---- Provided material

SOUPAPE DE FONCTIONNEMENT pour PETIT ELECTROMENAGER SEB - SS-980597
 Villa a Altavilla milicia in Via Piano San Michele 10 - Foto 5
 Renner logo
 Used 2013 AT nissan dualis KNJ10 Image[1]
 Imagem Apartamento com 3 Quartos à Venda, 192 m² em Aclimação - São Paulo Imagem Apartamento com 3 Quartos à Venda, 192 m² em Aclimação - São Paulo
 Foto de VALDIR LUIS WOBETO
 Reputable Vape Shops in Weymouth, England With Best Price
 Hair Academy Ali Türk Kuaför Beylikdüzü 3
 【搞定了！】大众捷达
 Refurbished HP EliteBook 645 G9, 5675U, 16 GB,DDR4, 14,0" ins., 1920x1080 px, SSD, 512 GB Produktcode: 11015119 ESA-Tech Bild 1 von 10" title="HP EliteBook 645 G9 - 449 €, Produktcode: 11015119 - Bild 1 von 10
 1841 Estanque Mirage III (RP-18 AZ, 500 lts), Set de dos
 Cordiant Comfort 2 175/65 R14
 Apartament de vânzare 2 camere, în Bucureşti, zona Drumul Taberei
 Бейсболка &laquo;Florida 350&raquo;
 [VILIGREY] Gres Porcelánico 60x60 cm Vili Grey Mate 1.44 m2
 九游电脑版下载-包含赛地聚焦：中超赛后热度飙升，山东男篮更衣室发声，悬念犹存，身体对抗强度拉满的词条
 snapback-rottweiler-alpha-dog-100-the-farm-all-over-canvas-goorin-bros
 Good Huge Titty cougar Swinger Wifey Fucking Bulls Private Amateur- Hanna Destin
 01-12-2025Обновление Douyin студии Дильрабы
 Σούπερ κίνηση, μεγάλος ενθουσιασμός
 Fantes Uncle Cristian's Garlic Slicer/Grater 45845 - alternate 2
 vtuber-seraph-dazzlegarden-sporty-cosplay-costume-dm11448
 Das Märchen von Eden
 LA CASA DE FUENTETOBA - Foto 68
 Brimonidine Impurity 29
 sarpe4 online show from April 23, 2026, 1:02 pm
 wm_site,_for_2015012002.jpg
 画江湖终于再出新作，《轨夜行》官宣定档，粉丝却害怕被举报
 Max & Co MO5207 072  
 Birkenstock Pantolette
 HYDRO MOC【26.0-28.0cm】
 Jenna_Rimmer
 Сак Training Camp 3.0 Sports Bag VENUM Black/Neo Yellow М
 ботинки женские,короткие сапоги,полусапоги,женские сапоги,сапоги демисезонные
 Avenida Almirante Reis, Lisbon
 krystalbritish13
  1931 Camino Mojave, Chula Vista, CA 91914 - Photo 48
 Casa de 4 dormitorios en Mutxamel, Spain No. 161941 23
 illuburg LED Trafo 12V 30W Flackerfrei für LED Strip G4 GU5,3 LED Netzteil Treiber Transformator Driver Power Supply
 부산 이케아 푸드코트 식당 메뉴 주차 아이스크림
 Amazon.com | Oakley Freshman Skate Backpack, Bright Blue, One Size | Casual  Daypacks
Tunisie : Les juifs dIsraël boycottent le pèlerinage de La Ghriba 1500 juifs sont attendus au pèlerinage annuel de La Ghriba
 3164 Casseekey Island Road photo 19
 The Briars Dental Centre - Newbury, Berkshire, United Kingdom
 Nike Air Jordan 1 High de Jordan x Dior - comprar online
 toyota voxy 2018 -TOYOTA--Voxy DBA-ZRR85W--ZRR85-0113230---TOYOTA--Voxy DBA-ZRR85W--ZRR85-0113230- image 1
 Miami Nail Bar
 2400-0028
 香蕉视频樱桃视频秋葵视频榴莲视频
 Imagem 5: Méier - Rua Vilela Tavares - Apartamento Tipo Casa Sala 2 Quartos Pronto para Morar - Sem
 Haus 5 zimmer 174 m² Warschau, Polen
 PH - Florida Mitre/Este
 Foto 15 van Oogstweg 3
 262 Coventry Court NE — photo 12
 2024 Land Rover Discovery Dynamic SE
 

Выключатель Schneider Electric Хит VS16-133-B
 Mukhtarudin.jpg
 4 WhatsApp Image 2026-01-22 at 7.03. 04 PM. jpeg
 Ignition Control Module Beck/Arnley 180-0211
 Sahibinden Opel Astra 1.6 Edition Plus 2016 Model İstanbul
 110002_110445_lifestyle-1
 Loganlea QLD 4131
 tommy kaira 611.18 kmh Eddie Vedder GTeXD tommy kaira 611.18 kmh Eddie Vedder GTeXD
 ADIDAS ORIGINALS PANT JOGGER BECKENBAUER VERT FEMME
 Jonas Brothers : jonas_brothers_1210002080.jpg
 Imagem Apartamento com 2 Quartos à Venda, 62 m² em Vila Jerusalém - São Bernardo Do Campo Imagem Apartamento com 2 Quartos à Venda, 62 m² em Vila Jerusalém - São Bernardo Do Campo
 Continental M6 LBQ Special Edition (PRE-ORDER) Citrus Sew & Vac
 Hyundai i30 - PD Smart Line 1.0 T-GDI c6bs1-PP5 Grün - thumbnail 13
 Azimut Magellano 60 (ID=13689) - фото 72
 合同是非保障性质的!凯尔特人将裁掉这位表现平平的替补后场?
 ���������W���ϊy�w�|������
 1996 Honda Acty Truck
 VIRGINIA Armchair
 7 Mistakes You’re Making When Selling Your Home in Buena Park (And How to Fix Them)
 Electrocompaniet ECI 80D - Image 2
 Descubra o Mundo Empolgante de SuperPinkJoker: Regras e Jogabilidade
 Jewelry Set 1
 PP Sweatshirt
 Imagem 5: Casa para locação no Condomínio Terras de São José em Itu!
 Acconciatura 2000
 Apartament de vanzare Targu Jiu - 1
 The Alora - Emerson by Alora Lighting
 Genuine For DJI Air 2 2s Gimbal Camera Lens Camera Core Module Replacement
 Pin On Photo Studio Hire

--------

• **What to work on**
Out of the data above, transcribe exactly and only the lines starting with the line that has "Mukhtarudin.jpg" and going on through the line that has "Continental M6 LBQ", both included.

• **Answer box**
 Mukhtarudin.jpg
 4 WhatsApp Image 2026-01-22 at 7.03. 04 PM. jpeg
 Ignition Control Module Beck/Arnley 180-0211
 Sahibinden Opel Astra 1.6 Edition Plus 2016 Model İstanbul
 110002_110445_lifestyle-1
 Loganlea QLD 4131
 tommy kaira 611.18 kmh Eddie Vedder GTeXD tommy kaira 611.18 kmh Eddie Vedder GTeXD
 ADIDAS ORIGINALS PANT JOGGER BECKENBAUER VERT FEMME
 Jonas Brothers : jonas_brothers_1210002080.jpg
 Imagem Apartamento com 2 Quartos à Venda, 62 m² em Vila Jerusalém - São Bernardo Do Campo Imagem Apartamento com 2 Quartos à Venda, 62 m² em Vila Jerusalém - São Bernardo Do Campo
 Continental M6 LBQ Special Edition (PRE-ORDER) Citrus Sew & Vac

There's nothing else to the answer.